Eu vejo com cada uma, esta então é magnifica, aqui no Algarve nota-se bem a descida as praias de ano para ano tem vindo a "aumentar", pena é que todos os anos quando vou à praia que frequento há anos noto que a praia vai desaparecendo e as dunas vão recuando essa notícia não tem ponta que se pegue, claro é a erosão da costa e não o aumento do mar, daqui a uns 10 anos esta praia nem deve existir só se for no meio da mata


----------



## Aurélio (29 Jul 2009 às 12:29)

algarvio1980 disse:


> Eu vejo com cada uma, esta então é magnifica, aqui no Algarve nota-se bem a descida as praias de ano para ano tem vindo a "aumentar", pena é que todos os anos quando vou à praia que frequento há anos noto que a praia vai desaparecendo e as dunas vão recuando essa notícia não tem ponta que se pegue, claro é a erosão da costa e não o aumento do mar, daqui a uns 10 anos esta praia nem deve existir só se for no meio da mata



Pois uma coisa é a erosão da costa e outra coisa é a subida do mar. Eu explico.
Podemos ter um mar junto á costa com 5 metros de altura e avançar em 50 anos por exemplo 10 metros na costa, mas podemos ter também um mar com 5 metros de altura na costa e subir esse nível nos mesmos 5 anos mais 20 cm (em altura) e contudo ter avançado somente 20 cm na costa !!
Perceberam ou não perceberam nada 

Depende-se mais das tempestades que se tem do que da meia duzia de cm que o mar possa subir !!


----------



## joseoliveira (29 Jul 2009 às 20:13)

*Olá a todos!*



N_Fig disse:


> se estivesse sempre a subir até 2150 subiria mais que 1 metro... Mas duvida-se que esteja sempre e em todo o lado a subir ou a descer. Deverá haver alturas e locais onde suba e outros onde desça. No final poderá descer um bocado ou subir um bocado (não mais de meio metro).
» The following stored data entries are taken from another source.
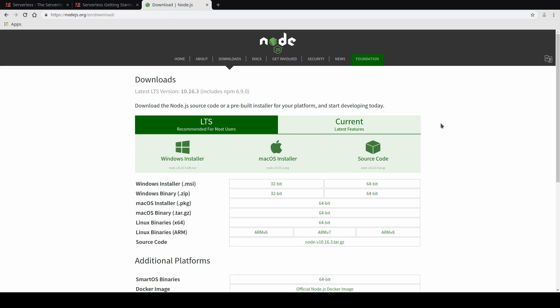If you go to nodejs.org and don't have Node installed already, you can just click the downloads link on nodejs.org and make sure that you install what's required for your system. Otherwise, we basically just need Node 10 as a minimum. That's an easy minimum to remember. So as long as you have Node 10 installed on your local machine, then we should be fine to continue.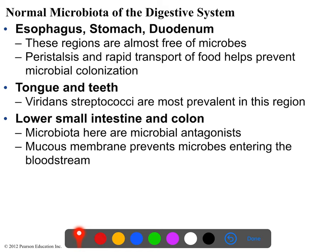Microbes that live in the lower small intestine - the ileum and jejunum - are usually good for you in the sense that they are microbial antagonists and will prevent other microbes from colonizing your intestines. They are generally prevented from infecting you by your mucous membranes there, and except in the case of injury, don't get into your bloodstream.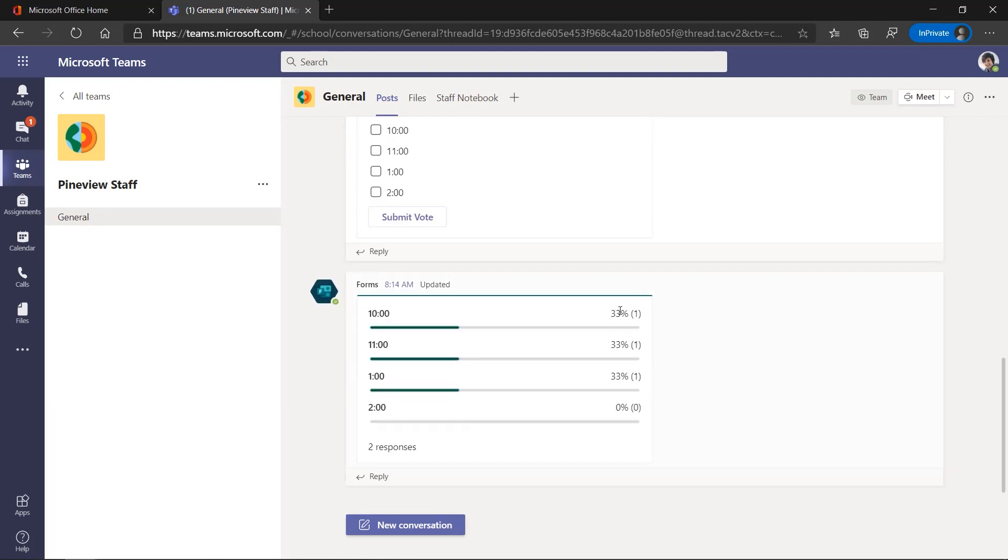And when you scroll down, you can see here that there are different choices that have been entered. So pretty easy to create a poll.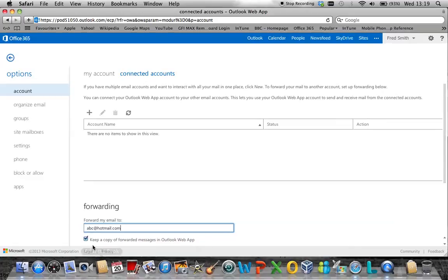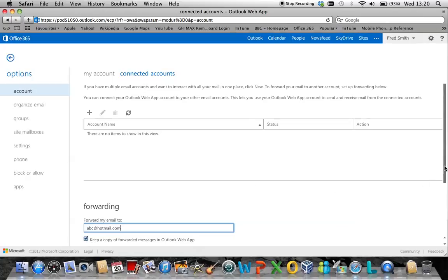You can either leave the tick on, which is the default, to leave a copy of the mail in your Office 365 mailbox, or take it off, which will simply forward the mail to the external mailbox and not leave a copy in Office 365.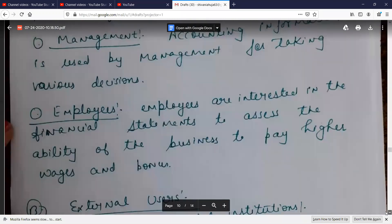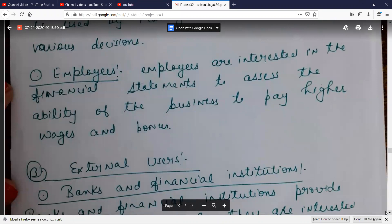After management, the next internal user is employees. Employees are interested in financial statements to assess the ability of the business to pay higher wages and bonuses. They have an interest in the company's accounts because it tells them whether the business can pay higher wages and bonuses. So the internal users are: owners, management, and employees.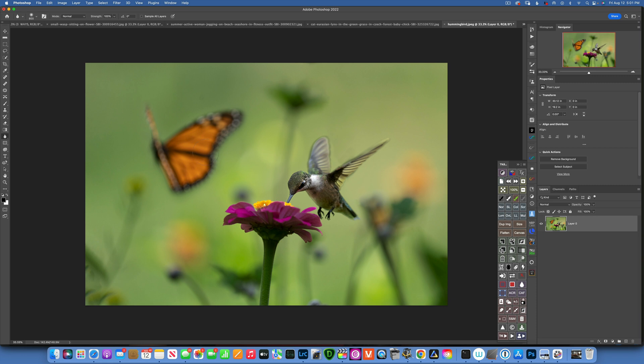And this is how I created this composite. I hope you learned something new today and this was useful to you. Thank you so much for watching. My name is Skyler Ewing and I'll see you with my next video.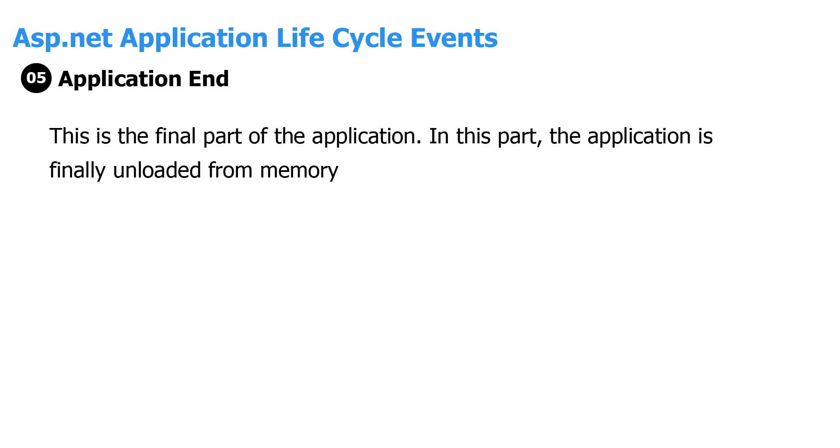Dispose: this event is called before the application instance is destroyed. During this time, one can use this method to manually release any unmanaged resources.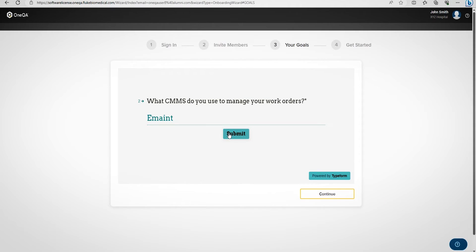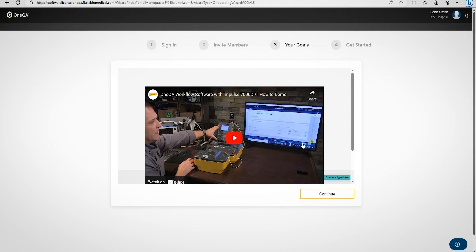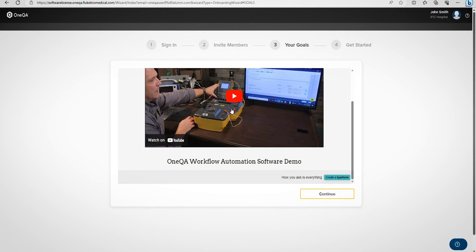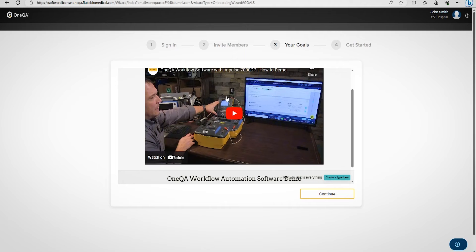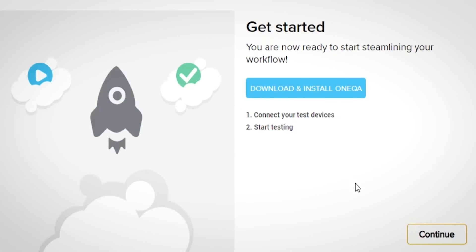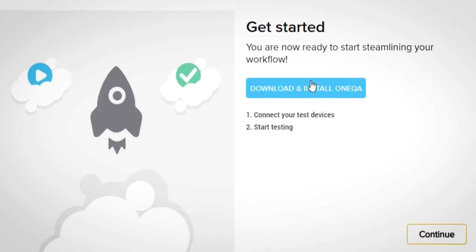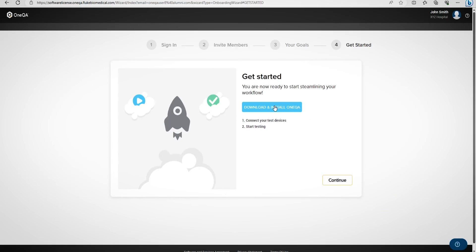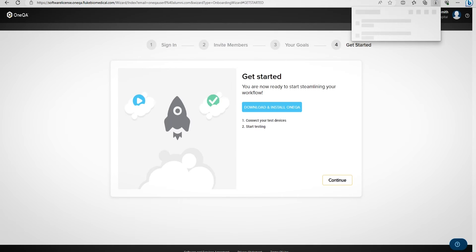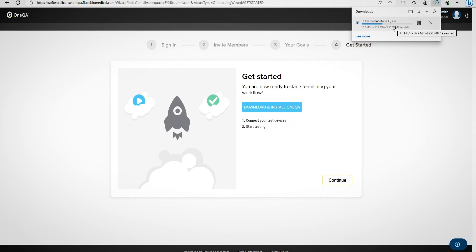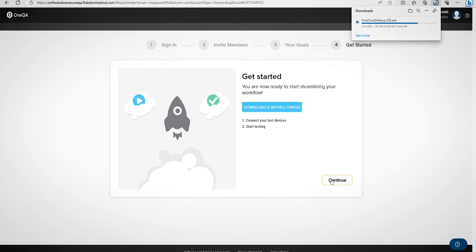Next, there's another video available if you'd like to watch it. The next step is to get started. To do this, you'll need to download and install OneQA. You may require admin privileges, and the system administrator can assist you with this. Download and install OneQA, and it will begin downloading the software for you. Navigate to your download folder and proceed to install the software.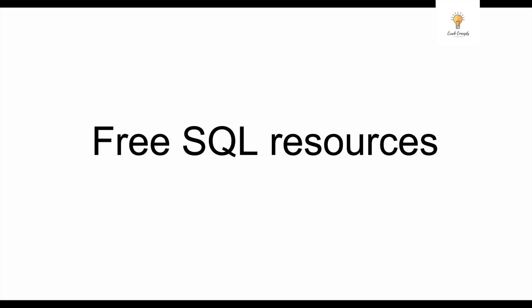Hello everyone, welcome back to another video on Crack Concepts. In today's video, I will be sharing some very amazing free SQL resources that you can leverage to master SQL. Before that, do not forget to hit the notification button so you never miss any video from this channel. Also subscribe to the channel if you haven't already.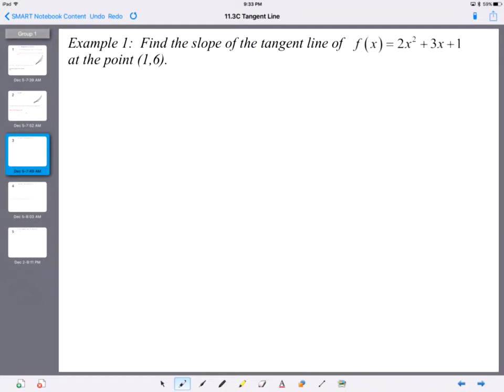Find the slope of the tangent line of f(x) = 2x² + 3x + 1. Because this is a quadratic and it's a parabola, the slope depends on where the point is. If it's up high on the curve, the slope is very steep; if it's down lower, it's closer to zero. So it depends on where the point is located.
Existirá algum "final" específico ou baseado em algo específico ou foi uma força de expressão? 



Aurélio disse:


> Depende-se mais das tempestades que se tem do que da meia duzia de cm que o mar possa subir !!



Partilho dessa opinião!


----------



## Vince (31 Jul 2009 às 00:34)

Adoptando a mesma filosofia, chamemos-lhes tendências de curto prazo, apesar da contradição, eu posso fazer uma previsão da época futebolística.  Baseado no diferencial de golos marcados e sofridos do FCP nos últimos 3 jogos da pré-época, eu consigo assim anunciar ao mundo uma tendência que diz que lá para o Natal, não obstante as vitórias, o FCP perderá todos os jogos com pelo menos 3 ou 4 golos de desvantagem. Grandes cabazadas que se advinham !
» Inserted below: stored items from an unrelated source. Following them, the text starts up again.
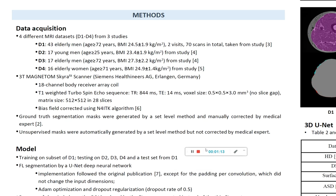We used four different MRI datasets in this study. As a gold standard, we used the classical level set method to segment the fascia lata with a subsequent correction by a medical expert. We also compared the U-Net results to unsupervised masks, which denote the automatic results of the classical level set segmentation without the correction by a medical expert.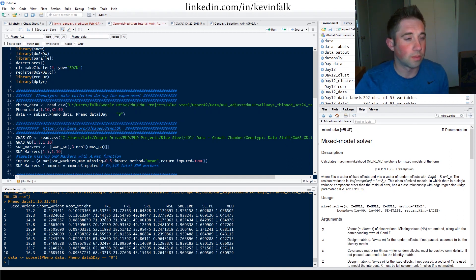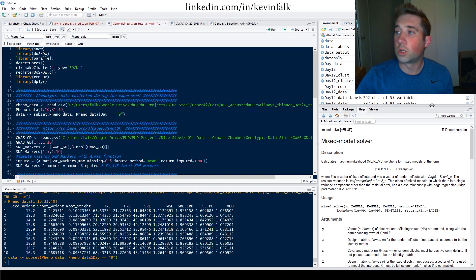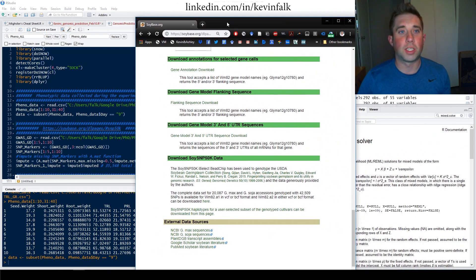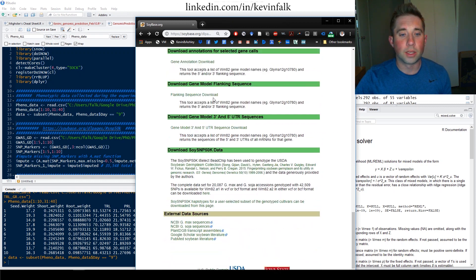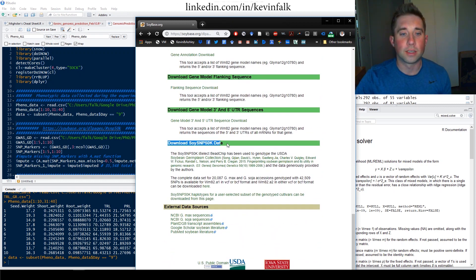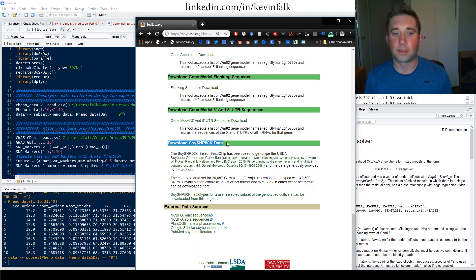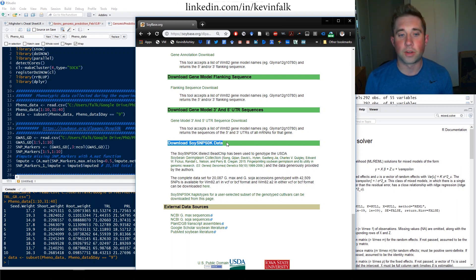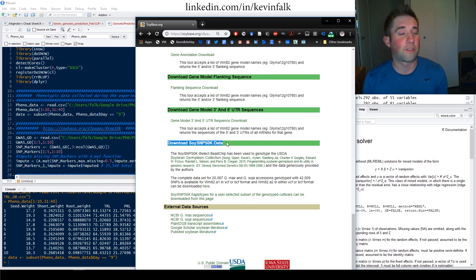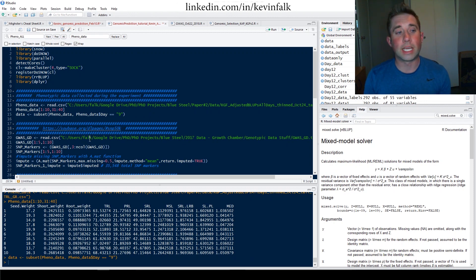For the genotypic data, I got it from the SoyBase.org database, which is free to download. It's run by the USDA and Iowa State University — basically the guys down the hall from where I work. You can go on and download the SoySNP50K data. The USDA has a database of 19,000 genotypes that have been genotyped. You can download the full database, or specify the different accessions or PI numbers you want. I've already done that and entered this data into my system.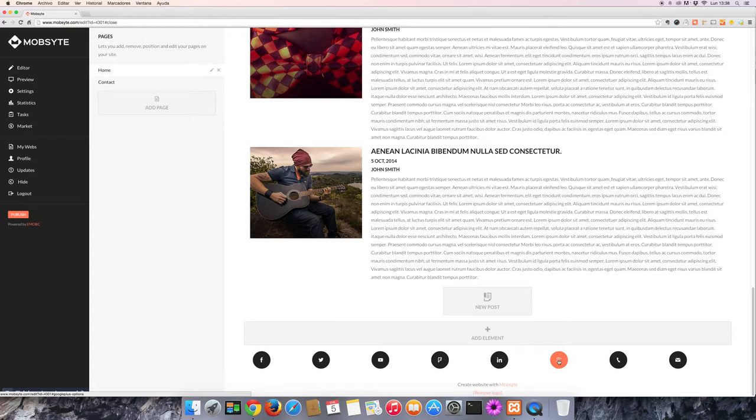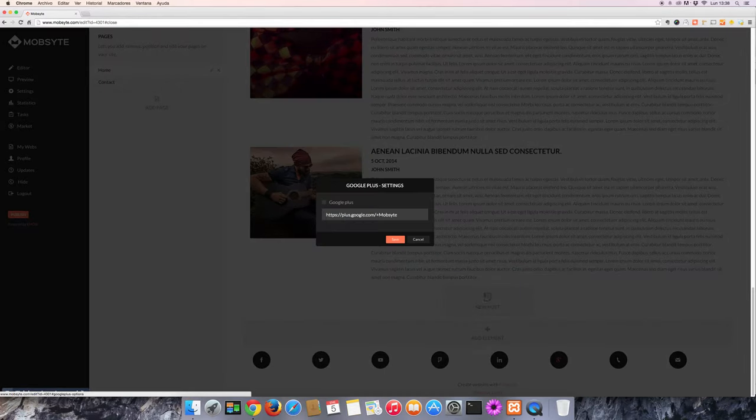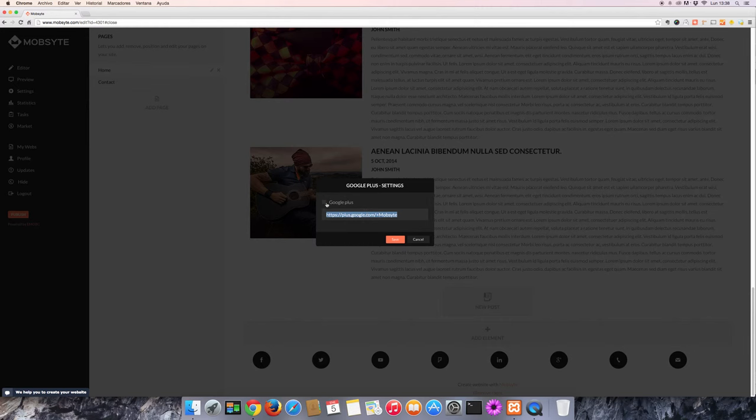Let's click on the Google Plus icon, copy and paste your Google Plus URL, select the Google Plus checkbox and hit save.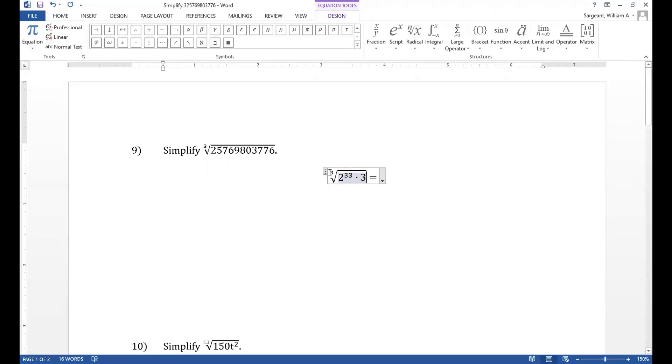The product rule tells us that we can split up that cube root as the cube root of 2 to the 33 power times the cube root of 3.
Como doentio e convicto benfiquista , garanto que não estou a brincar, estou mesmo a falar a sério, tão a sério como a mensagem do autor do post. 



* Só espero é que todos tenham o sensor de ironia funcional.


----------



## joseoliveira (31 Jul 2009 às 01:08)

Vince disse:


> Adoptando a mesma filosofia das tendências de curto prazo, eu posso fazer uma previsão da época futebolística.  Baseado no diferencial de golos marcados e sofridos do FCP nos últimos 3 jogos da pré-época, eu consigo assim anunciar ao mundo uma tendência que diz que lá para o Natal, não obstante as vitórias, o FCP perderá todos os jogos com pelo menos 3 ou 4 golos de desvantagem. Grandes cabazadas que se advinham !



Curiosa analogia!!! 

Então se o FCP perder todos os jogos de acordo com as tendências é como se perdesse as bolas lançadas à superfície do mar já tão distantes devido ao processo de recuo do mar!


----------



## Aristocrata (31 Jul 2009 às 02:00)

Não creio que isso aconteça tão rápido; mesmo que aconteça!
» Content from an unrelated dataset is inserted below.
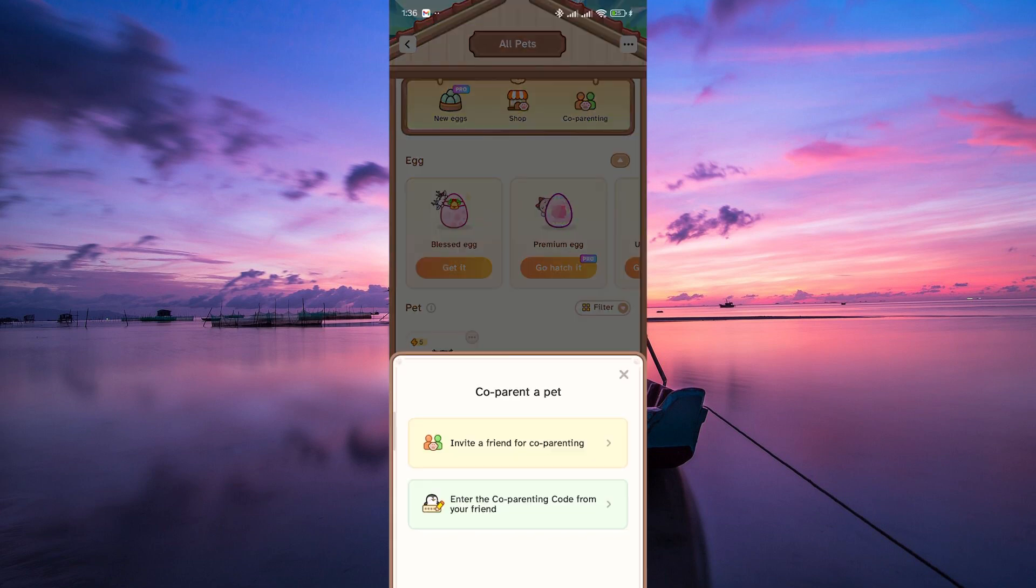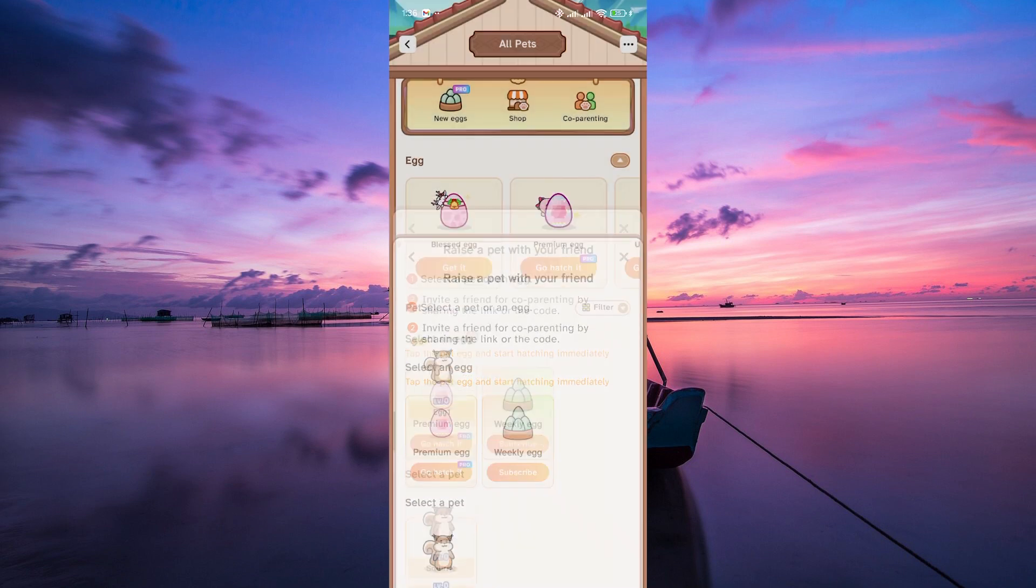Now comes the fun part, co-parenting. Look for an option that allows you to invite a friend to share the responsibility of raising the pet. Tap on invite a friend, then select an egg that you want to co-parent.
Penso que um dos males que temos é sermos, no geral, egocentristas...pensamos sempre que tudo se passará no tempo das nossas vidas ou, quiçá, na dos nossos filhos. Parece que tudo gira à nossa volta...

O fim do mundo (?), as grandes catástrofes (os cometas que virão, o aquecimento\arrefecimento global, o sol que deixará de brilhar), etc, etc. Parece que ainda somos o centro do universo, num tempo finito. Quantos segundos, minutos, horas, dias, semanas, meses, anos, séculos, milénios passaram na evolução do homem, sem que este visse o fim do mundo anunciado? A expectativa de vida num curto espaço de tempo (relativo) leva-nos a um egocentrismo errado a meu ver - parece que tudo se condensa num determinado momento...

Apontamos previsões de catástrofes dentro de um limite temporal que encaixe na razoabilidade da expectativa de vida nossa e dos nossos directos descendentes. Tudo o que seja "palpável" é para nós motivo de grande extra-polação; de um isolado fenómeno saltamos logo para uma generalização massiva do mesmo.

Tenhamos sempre a noção (de um lado e do outro) que a história natural do mundo que vivemos fez-se e far-se-á ao longo de milhões e milhões de anos, e que o momento presente é apenas uma pequeníssima fracção desse tempo - tentemos perceber o mundo que nos rodeia de mente aberta; só assim seremos capazes de progredir no conhecimento.

Meio metro acima, meio metro abaixo: nenhum de nós tem a certeza absoluta do que se passará; ninguém pode ousar dizer que não tem dúvidas se o mar realmente vai aumentar até final do séc XXI; o mesmo também se aplica aos que advogam noutro sentido. Afinal cresce também em número os adeptos do cepticismo - não me parece um fenómeno sobrenatural (tem sido assim ao longo dos séculos do conhecimento).


----------